Pourtant, dans le sud de la France, un village peuplé d’irréductibles Marseillais résiste encore et toujours à l’envahisseur.
Pour ces Gaulois tenaces, un simple Angers-Marseille en plein décembre à Raymond Kopa suffirait amplement à contenter leurs coeurs. Mais non, ils auront droit, comme les autres, à leur dose de football et de chocs mortifères entre le Brésil, l’Argentine, l’Espagne, l’Allemagne ou autres Pays-Bas. L’enfer.
Alors, comment expliquer que notre clubisme nous pousse, chaque édition toujours plus, à nous détacher de notre équipe de France ?
Pourquoi notre amour pour l’OM est tel qu’une simple convocation de Jonathan Clauss aurait revêtu plus d’importance qu’une potentielle qualification des bleus pour les huitièmes ?
Pourquoi échangerions-nous un but du genou de Guendouzi contre l’Australie avec une qualification en quart de finale de nos bleus ?
Pourquoi éprouverions-nous davantage d’émotion à l’idée d’une transversale parfaite de Veretout contre la Tunisie à un troisième sacre mondial ?
Sommes-nous devenus fous ou simplement aimons-nous l’OM à tel point qu’il nous serait impossible de garder la moindre affection à la nation à laquelle notre club est rattaché.
Mais nous viendrait-il à l’idée de reprocher à un homme qui aime sa femme de ne pas en aimer une autre ?
Notre amour de l’OM serait alors mystique, impartageable ? Ce sera du moins notre version, lorsque, un lendemain d’élimination, il nous sera reproché d’être tout sourire.

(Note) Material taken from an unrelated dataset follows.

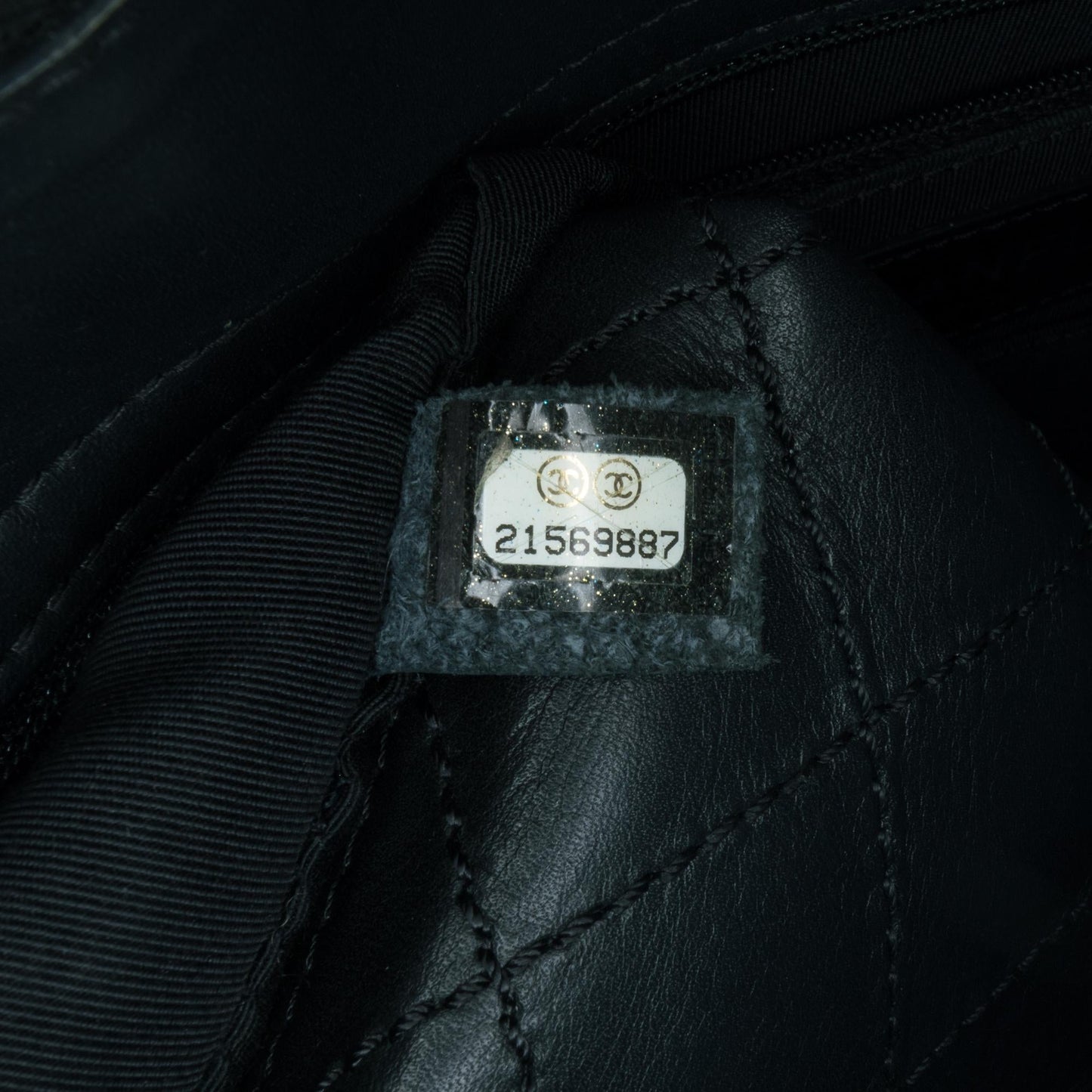Chanel Medium CC Stitched Calfskin Pocket Zipped Chain Tote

Mais les raisons sont sans doute plus profondes. Nous, Marseillais, avons une culture football immense et n’oublions rien. Nous avons une rancoeur tenace envers Noël Le Graet. Un président si vif lorsqu’il s’est agi d’enfoncer l’OM en 93 après les soupçons du VA-OM et si mou lorsqu’il faut dénoncer des faits de harcèlements à la FFF, et encore davantage lorsqu’il est lui-même impliqué.
Nous Marseillais avons toujours rejeté et dénoncé l’hypercentralisation du football français sur la capitale. Chaque finale de coupe française se jouant toujours à Saint-Denis, comme si la Mecque du football était parisienne alors que chacun sait que c’est l’OM qui a écrit la plus belle page du football de son pays.
L’EDF a aujourd’hui oublié à qui elle doit sa grandeur. Deux de ses quatre ballons d’ors sont soit Marseillais de souche soit ont porté la tunique olympienne.
Cette équipe de France est même par moment plus petite que ses propres joueurs. Quand on sait que Mbappé peut à lui seul réviser les contrats sponsoring de la nation tout entière pour des questions d’éthiques alors que chacun sait que 90 % de ses revenus sont liés au Qatar. C’est à mourir de rire, ou de honte.
Comment aimer cette équipe qui elle-même ne se respecte plus ?
Rajoutons à cela une rancoeur auprès des instances qui nous ont tués en 93, humiliés en 94, fait les sourds en 99 (PSG-Bordeaux), et volés en 2015 sous Bielsa.
Alors oui, si le 18 décembre à 18h notre coq se voit remplumé d’une troisième étoile, nous aurions tous ce petit pincement au coeur. Mais chaque Marseillais l’échangerait volontiers pour une deuxième étoile sur le blason phocéen, et encore plus quand on sait que cette Coupe du monde est celle des Mondes, celle qui oppose le mondain et le peuple. Et à ce grand jeu-là, les Marseillais ont choisi leur camp depuis bien longtemps.